## [Exercise directions]
No pictures go into the output, which should consist only of the lines from the first line of the data through the line with "Welcome to the", copied exactly.

## [Records for the task]

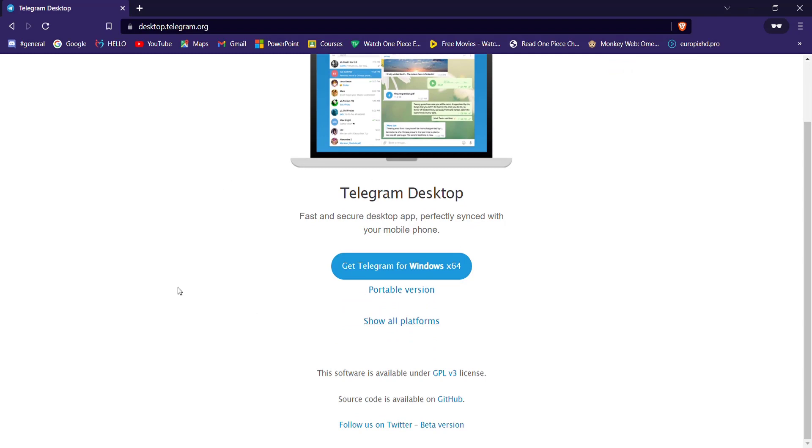Now on this page, click on the Get Telegram for Windows x64. Once you click on this option, the Telegram app will be downloaded on your device. After the Telegram app is completely downloaded and installed onto your device, just open up the app.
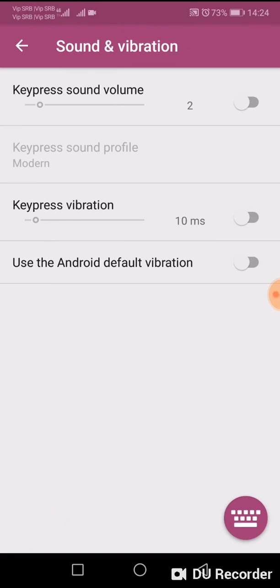And here it is: Keypress Vibration. If in your case it's turned on, simply turn it off, and that's it.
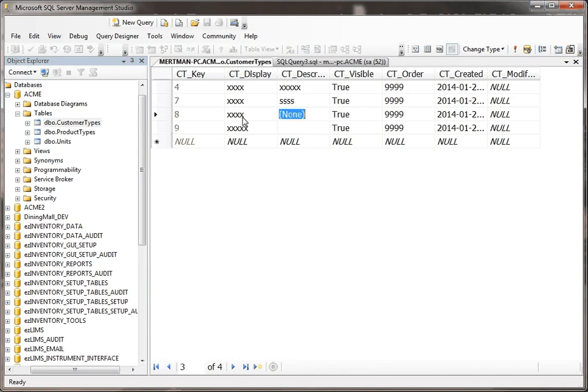So basically, this is how you get around inserting records into a table in SQL Server when some of the fields are set to not null, and you don't have a value to put in there.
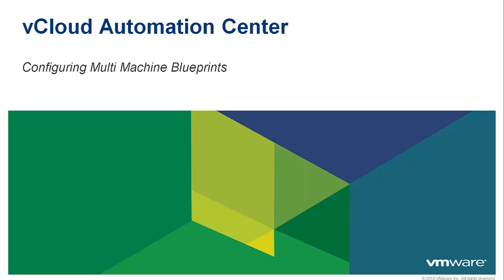Welcome to the vCloud Automation Center demo, Configuring Multi-Machine Blueprints.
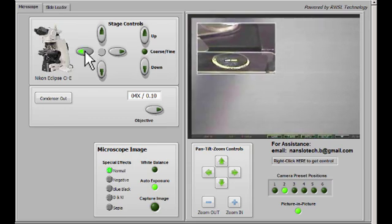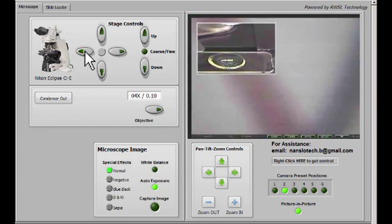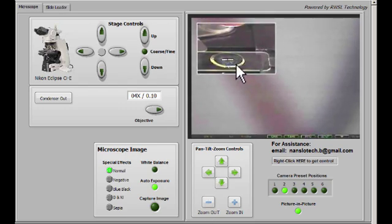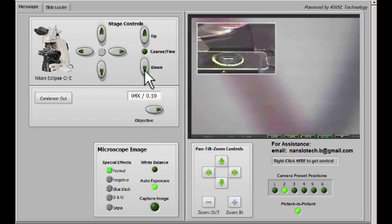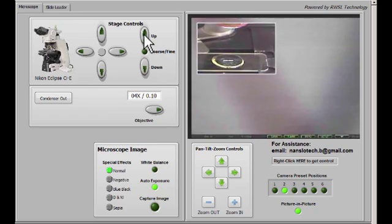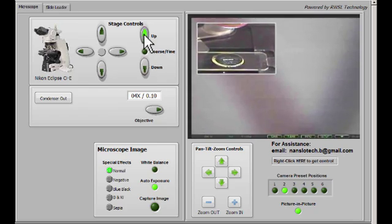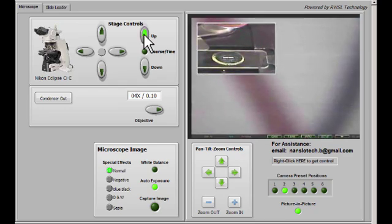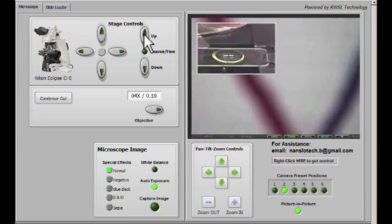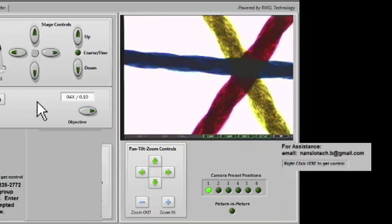As we continue moving the slide, we can see that the subject is now underneath the objective, and we can start to focus on that subject and look at what we're supposed to look at. Use the up and down arrows to focus, and you can change the focus control from coarse to fine by clicking on the button in between the up and down buttons.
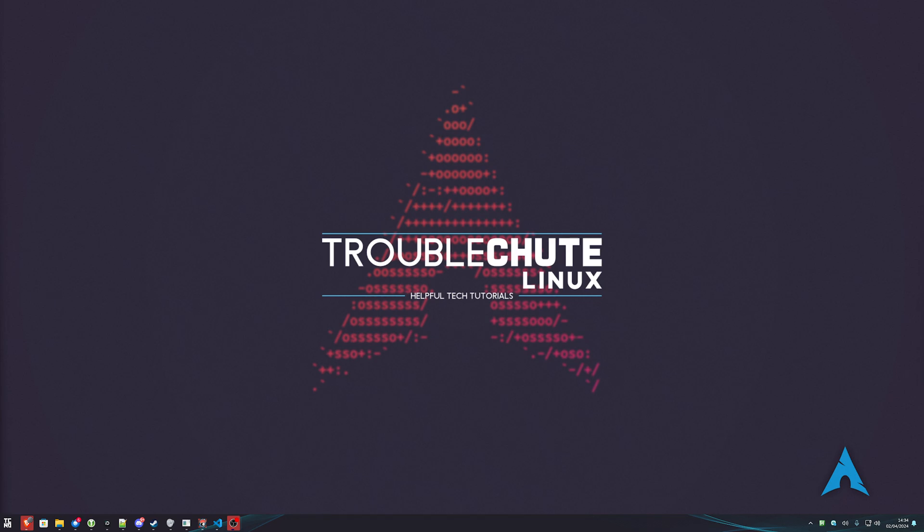Anyways, hopefully you found this video useful. Thank you all for watching. My name's been Troubleshoot. Stay safe, and I'll see you all next time. Ciao.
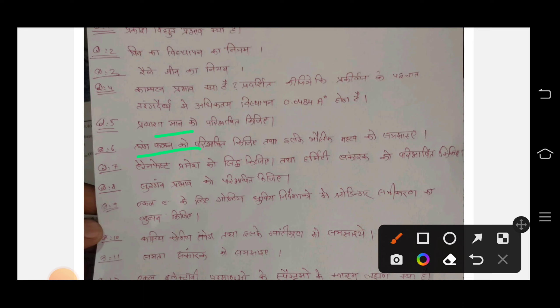Question number 7 is also in the list, and continuing onwards.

## [Your solution]
Now on this page, click on the Get Telegram for Windows x64. Once you click on this option, the Telegram app will be downloaded on your device. After the Telegram app is completely downloaded and installed onto your device, just open up the app.
And here it is: Keypress Vibration. If in your case it's turned on, simply turn it off, and that's it.
So basically, this is how you get around inserting records into a table in SQL Server when some of the fields are set to not null, and you don't have a value to put in there.
Welcome to the vCloud Automation Center demo, Configuring Multi-Machine Blueprints.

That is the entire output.